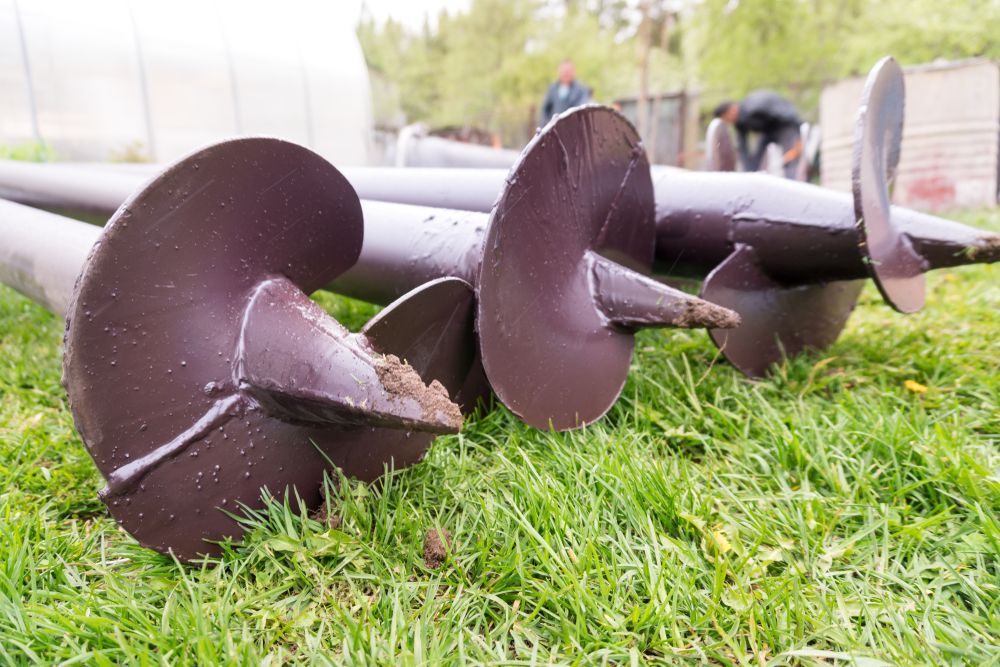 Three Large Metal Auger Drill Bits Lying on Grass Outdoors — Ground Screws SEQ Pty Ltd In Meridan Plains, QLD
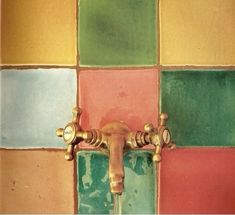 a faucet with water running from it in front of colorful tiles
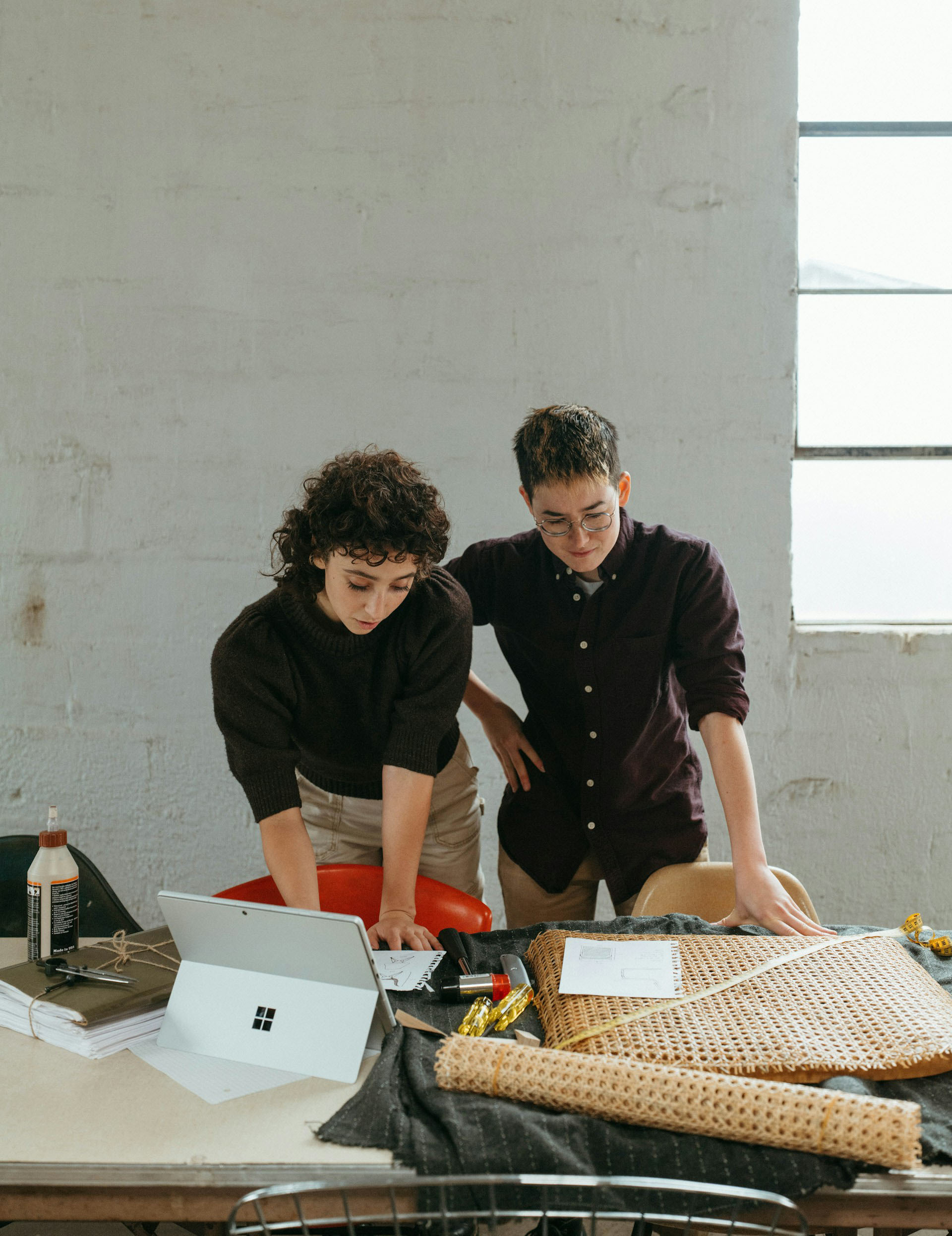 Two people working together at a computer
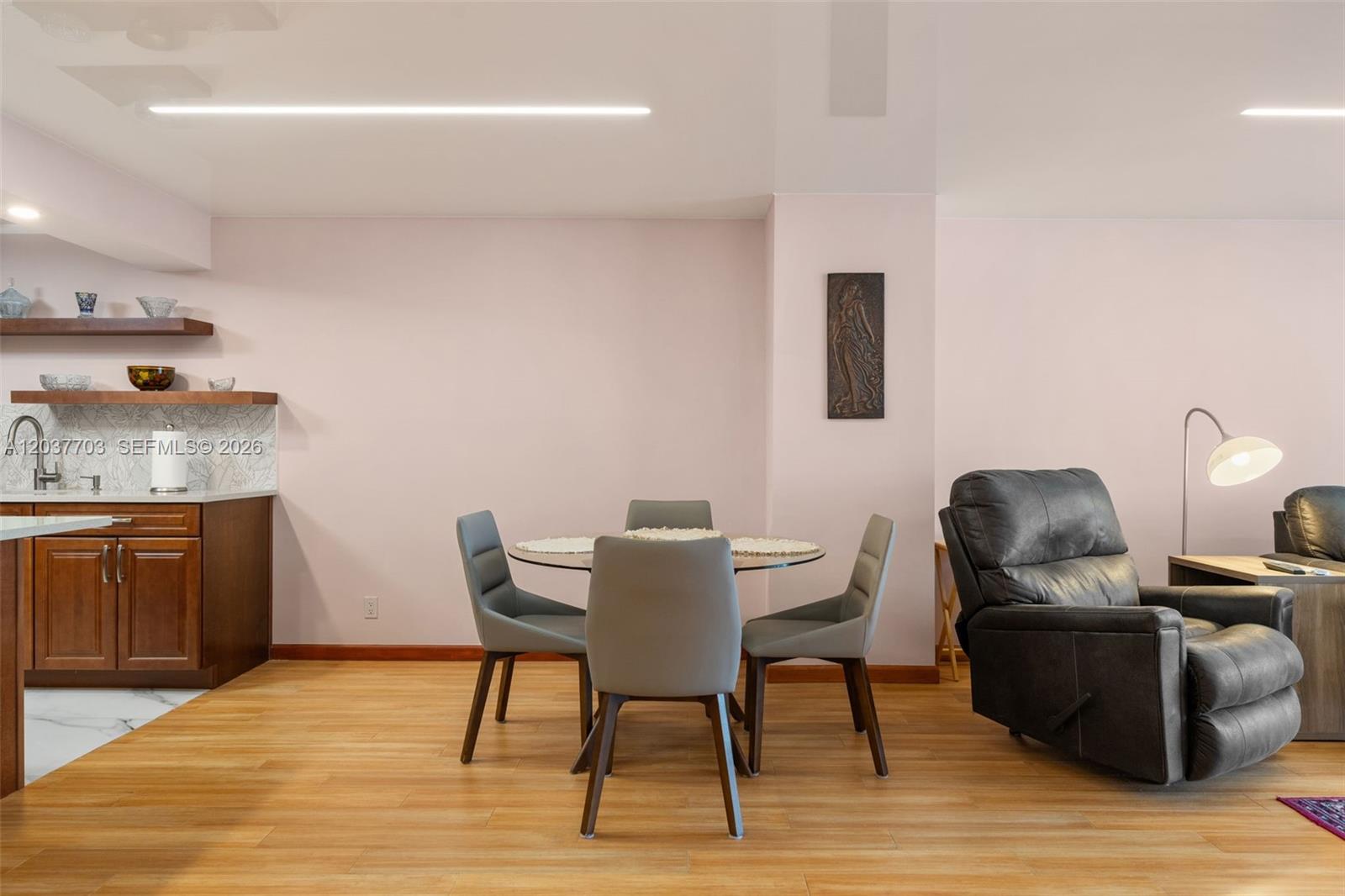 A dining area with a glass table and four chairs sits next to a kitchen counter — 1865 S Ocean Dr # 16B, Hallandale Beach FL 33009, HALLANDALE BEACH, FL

_ _ _ _ _

■ **DIRECTIONS**
Leave out every picture and write out exactly the lines running from the line containing "a faucet with" to the end of the listing above.

■ **ANSWER BELOW**
 a faucet with water running from it in front of colorful tiles
 Two people working together at a computer
 A dining area with a glass table and four chairs sits next to a kitchen counter — 1865 S Ocean Dr # 16B, Hallandale Beach FL 33009, HALLANDALE BEACH, FL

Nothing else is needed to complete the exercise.